Ultimate wax pain free? Being a black car certain stuff gets noticed more of its fussy.


----------



## BrianGT (Apr 11, 2020)

Imprezaworks said:


> Ultimate wax pain free? Being a black car certain stuff gets noticed more of its fussy.


Yes it is totally pain free. My next door neighbour bought it for his black Kia.


----------



## Sheep (Mar 20, 2009)

I can 3rd the Megs UQW recommendation, very easy to use and lasts decently. Lots of good spray wax products on the market. Chemical Guys V07 is very nice to use, smells great, and is super slick. Not sure on durability but considering how easy it and products in this category are to use, I wouldn't really care if it only lasts a couple weeks.


----------



## Yellow Dave (Apr 5, 2011)

Imprezaworks said:


> Ultimate wax pain free? Being a black car certain stuff gets noticed more of its fussy.


Ah being black and problematic would potentially change my mind.

Megs UQW is still one of the better products. But I'd recommend Waxaddict fo'sho or chemical guys V7. But then chemical guys V7 mixed 1:1 with Sonax BSD is just a winner


----------



## NornIron (May 12, 2007)

Optimum Car Wax... simple to use, great result :thumb:


----------



## Imprezaworks (May 20, 2013)

Mmm.
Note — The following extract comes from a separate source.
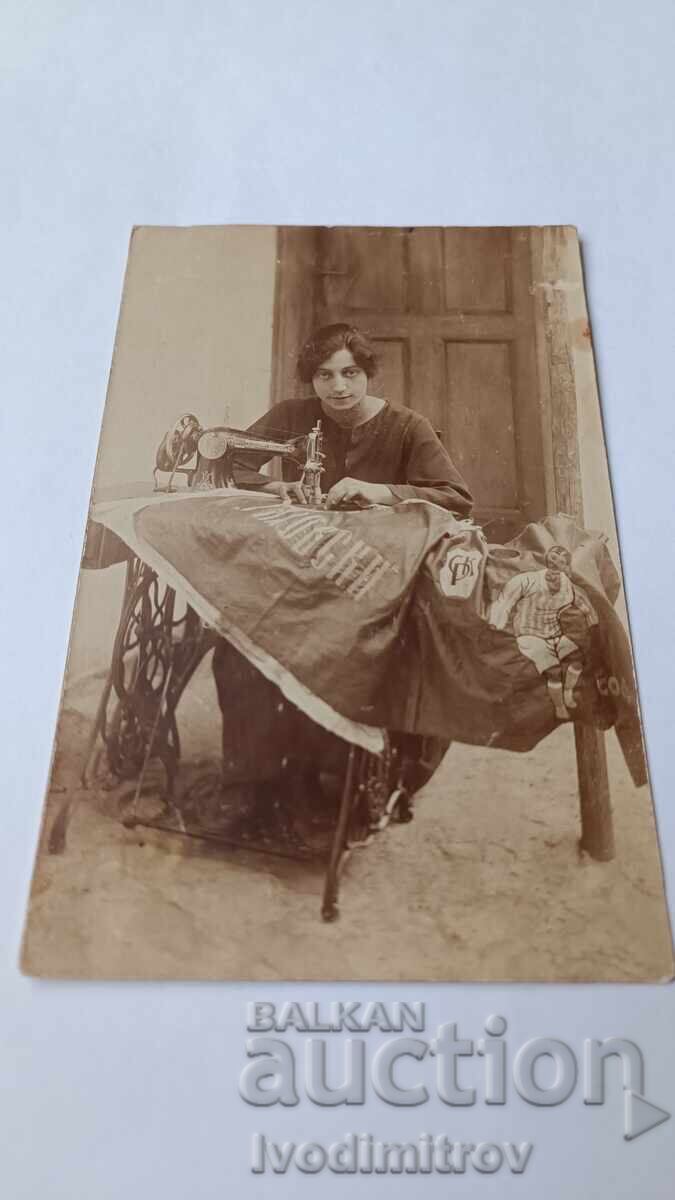 Photo Young girl sewing the flag of SK Rakovski village of Maslovo 1932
Have cancelled the order through amazon. I had an iffy experience with seal n shine. Wanted to get something for the weekend, will have another quick mooch


----------



## Imprezaworks (May 20, 2013)

Double speed wax?


----------



## atbalfour (Aug 11, 2019)

Shinee Wax is very glossy and slick once you buff.
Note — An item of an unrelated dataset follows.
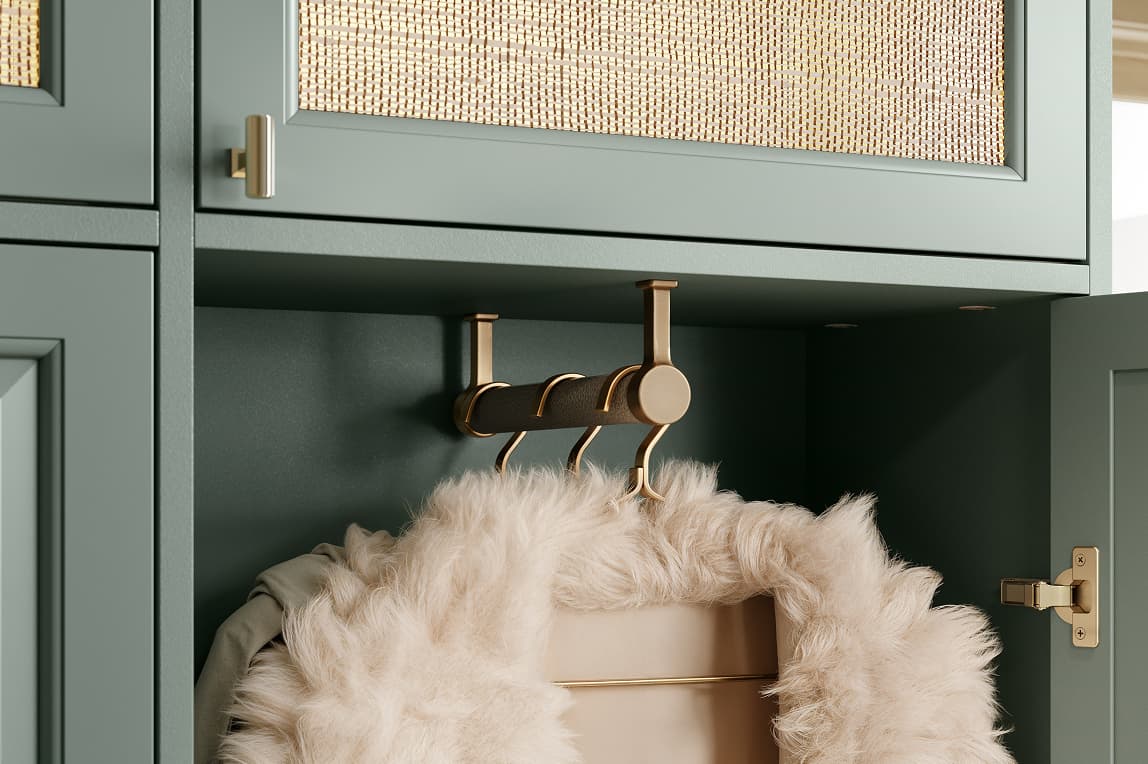 Front-to-back closet rod mounted under a shelf in a shallow cabinet by California Closets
I have also used the colour charged spray waxes from Polish Angel which look and bead insanely but you'll get c. 1 month from them.


----------



## Imprezaworks (May 20, 2013)

Gone with ab64. Used and sold it a while ago. Should have kept it.


----------



## tosh (Dec 30, 2005)

Another vote for Megs UQW. Doesn’t disappoint.


----------



## Imprezaworks (May 20, 2013)

Slight change. Few coats of done and dusted so over the weekend.


----------



## SuperchargedLlama (Apr 25, 2008)

Forensic Detailing did a comparison review and rated it, although I believe the new Turtle Wax Hybrid Ceramic equivalent product just beat it...but not by much.


----------



## Imprezaworks (May 20, 2013)

Is the Si edition. Tried it on a sales car and looked great.


----------



## Sheep (Mar 20, 2009)

Mother-Goose said:


> Forensic Detailing did a comparison review and rated it, although I believe the new Turtle Wax Hybrid Ceramic equivalent product just beat it...but not by much.


You need to take those gloss meter tests with a bit of a grain of salt. Let me explain.
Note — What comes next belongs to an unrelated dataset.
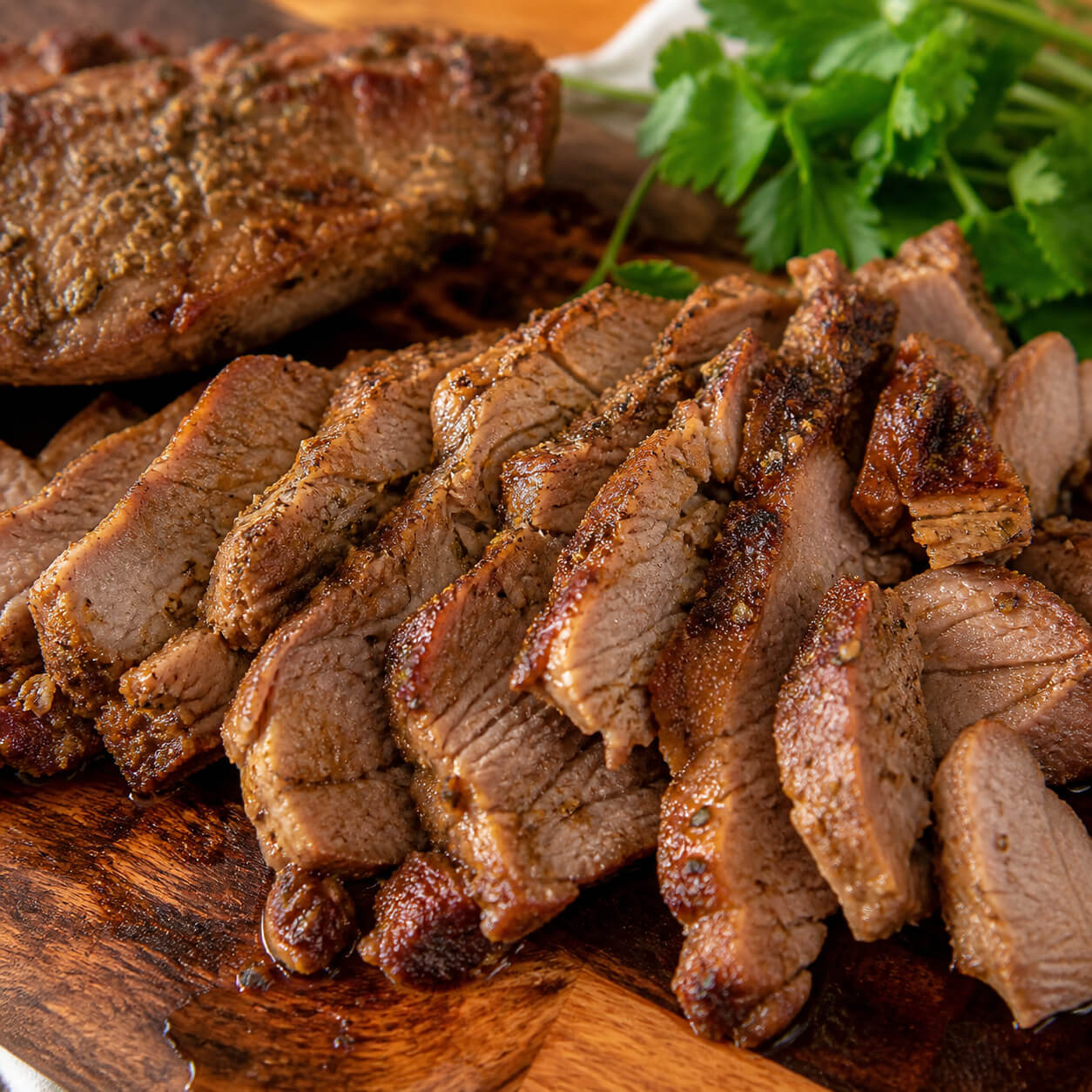 Keto gyro meat cooked until golden and sliced for a low carb gyro bowl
His test panels vary in base gloss readings by a fairly significant margin, each product can only add so much gloss. A product on a lower gloss section might at 15GU to the panel, whereas a product of equal gloss adding abilities put on a higher gloss panel will only add 5GU. It would, by the numbers, appear that the first product is glossier, but the end gloss levels are the same. This is why gloss testing with meters is hard for product comparisons - the base gloss with vary and make some products look like they add more than others. To johns credit he does mention this and note which products started with high base gloss readings, but it's also worth noting that sometimes what people see and like in a product might not be "gloss" but a filling or darkening.


----------



## msb (Dec 20, 2009)

Polish Angel Rapid Wax for me&#55357;&#56833;


----------



## SuperchargedLlama (Apr 25, 2008)

Sheep said:


> You need to take those gloss meter tests with a bit of a grain of salt. Let me explain.
> 
> His test panels vary in base gloss readings by a fairly significant margin, each product can only add so much gloss. A product on a lower gloss section might at 15GU to the panel, whereas a product of equal gloss adding abilities put on a higher gloss panel will only add 5GU. It would, by the numbers, appear that the first product is glossier, but the end gloss levels are the same. This is why gloss testing with meters is hard for product comparisons - the base gloss with vary and make some products look like they add more than others. To johns credit he does mention this and note which products started with high base gloss readings, but it's also worth noting that sometimes what people see and like in a product might not be "gloss" but a filling or darkening.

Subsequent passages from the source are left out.